Stały nadzór lekarza nad ciężarną pacjentką z boreliozą to podstawa. Borelioza może bowiem czasem mieć wpływ na płód.
Zalecane jest, aby w celu uniknięcia ukąszenia przez kleszcza, kobiety w stanie błogosławionym, stroniły od spacerów po lasach, łąkach, parkach, a jeśli już planują spędzać czas na łonie natury, pamiętały o odpowiednim ubiorze i zastosowaniu środków lub urządzeń odstraszających te insekty. Jeśli u przyszłej mamy zdiagnozowana zostanie borelioza, spodziewać się można, że lekarz przepisze pacjentce odpowiedni antybiotyk.
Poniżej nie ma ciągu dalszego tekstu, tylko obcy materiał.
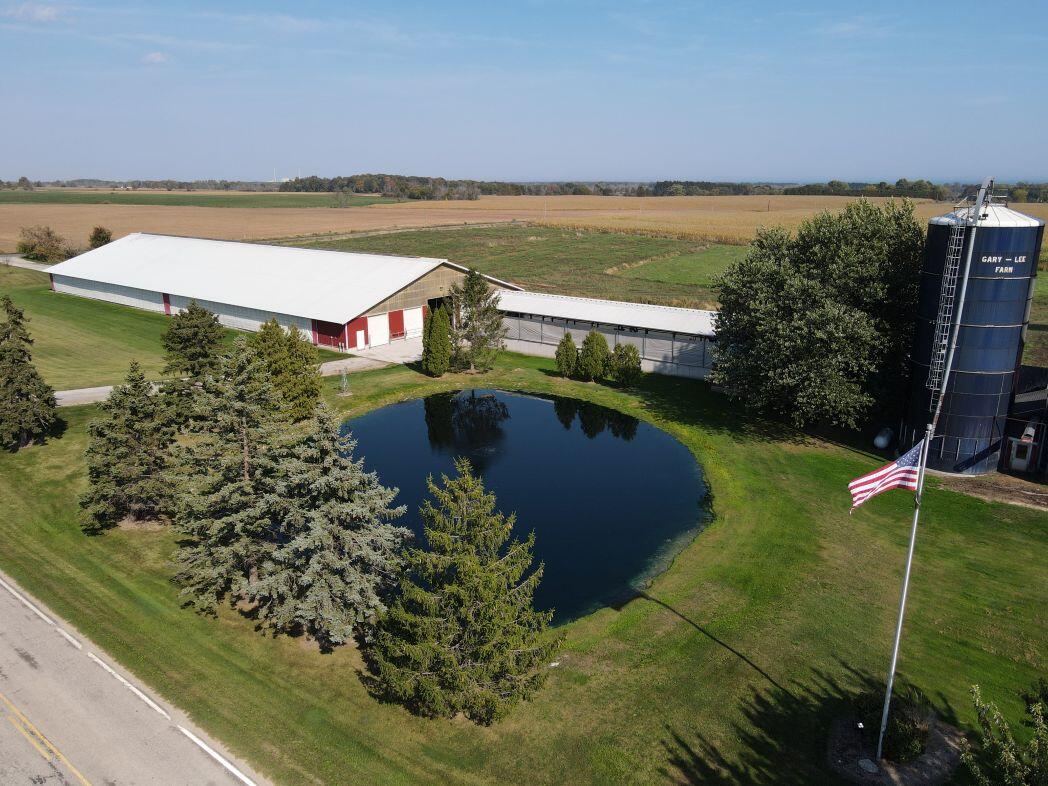 8223 Middle Road Oostburg, WI 53070 - Photo 8 of 74 DJI_0137
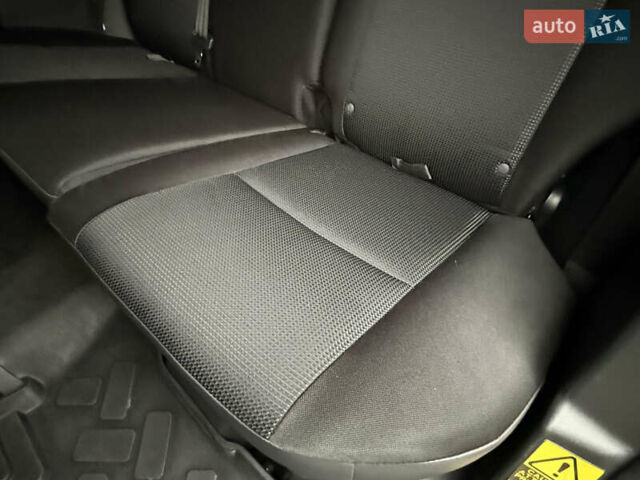 Черный Тойота ФЖ Крузер, объемом двигателя 4 л и пробегом 199 тыс. км за 30239 $, фото 35 на Automoto.ua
Nie ma aktualnie oficjalnych badań naukowych, potwierdzających, że borelioza w znaczący sposób wpływa na zaistnienie poronienia, poważnych wad płodu, przedwczesnego porodu czy na niską masę urodzeniową noworodka. Nie ma też przeciwskazań, aby cierpiąca na boreliozę świeżo upieczona mama karmiła piersią swojego potomka. Nie oznacza to jednak, że należy skutki bezpośredniego spotkania z kleszczem bagatelizować. Późno wykryta borelioza może bowiem bardzo negatywnie oddziaływać na organizm kobiety oraz zaszkodzić prawidłowemu rozwojowi nowego życia w łonie ciężarnej.
Kobiety spodziewające się potomka ucieszyć powinien fakt, że większość przedstawicielek płci pięknej, które chorowały na boreliozę w ciąży i były na nią leczone, urodziły zdrowe pociechy. Ważne więc, aby dokładnie obserwować swój organizm i gdy tylko zauważymy u siebie jakieś niepokojące objawy, zgłosić się do lekarza. Im szybciej borelioza u przyszłej mamy zostanie zdiagnozowana, tym bezpieczniej dla rozwijającego się płodu. Gdy pojawi się na naszym ciele niepokojący rumień lub mamy objawy grypopodobne, warto poprosić w przychodni o wykonanie testu wykrywającego bakterie Borrelia. W przypadku wyniku pozytywnego, nie ma co jednak zanadto się stresować. Nie jest to bowiem choroba, która spędza sen z powiek lekarzom prowadzącym ciążę.